→ **Action item**:
The reply should hold only the lines below beginning at the one with "症例NO.74249のBEFORE写真" and ending at the one with "County-Level Poverty Strongly", copied exactly, with every picture left out.

(Given data Opens)

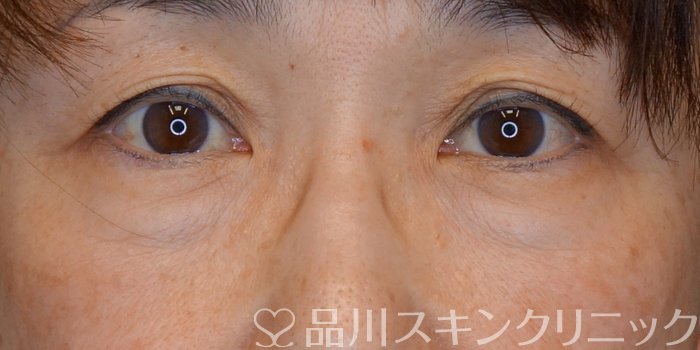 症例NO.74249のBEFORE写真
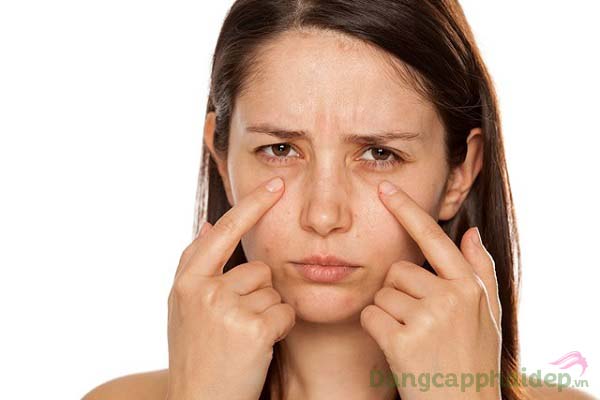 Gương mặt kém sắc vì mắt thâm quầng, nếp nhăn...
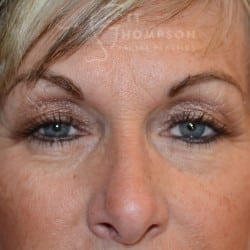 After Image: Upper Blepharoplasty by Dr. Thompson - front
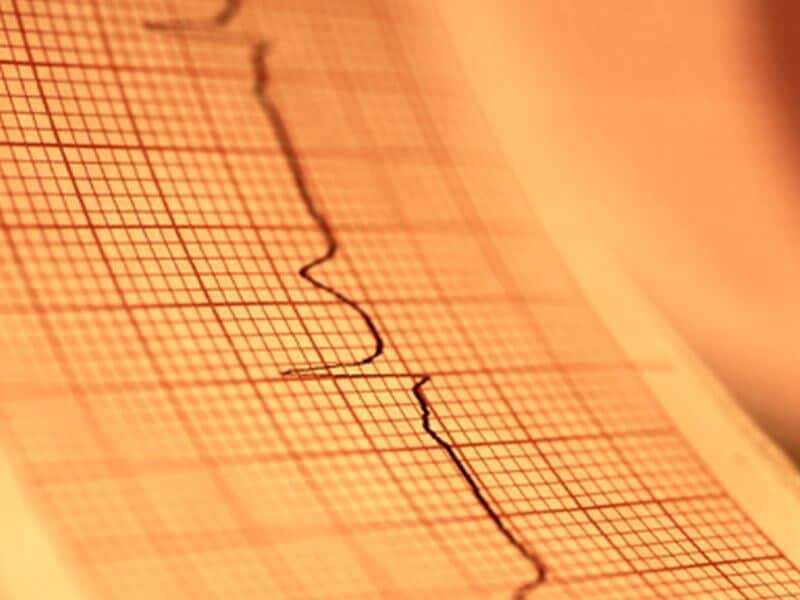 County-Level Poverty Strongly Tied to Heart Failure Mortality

(Given data Closes)
(Given data Opens)

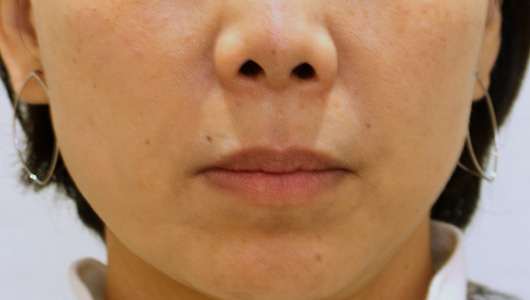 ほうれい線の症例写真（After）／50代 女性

(Given data Closes)

→ **Response for this exercise**:
 症例NO.74249のBEFORE写真
 Gương mặt kém sắc vì mắt thâm quầng, nếp nhăn...
 After Image: Upper Blepharoplasty by Dr. Thompson - front
 County-Level Poverty Strongly Tied to Heart Failure Mortality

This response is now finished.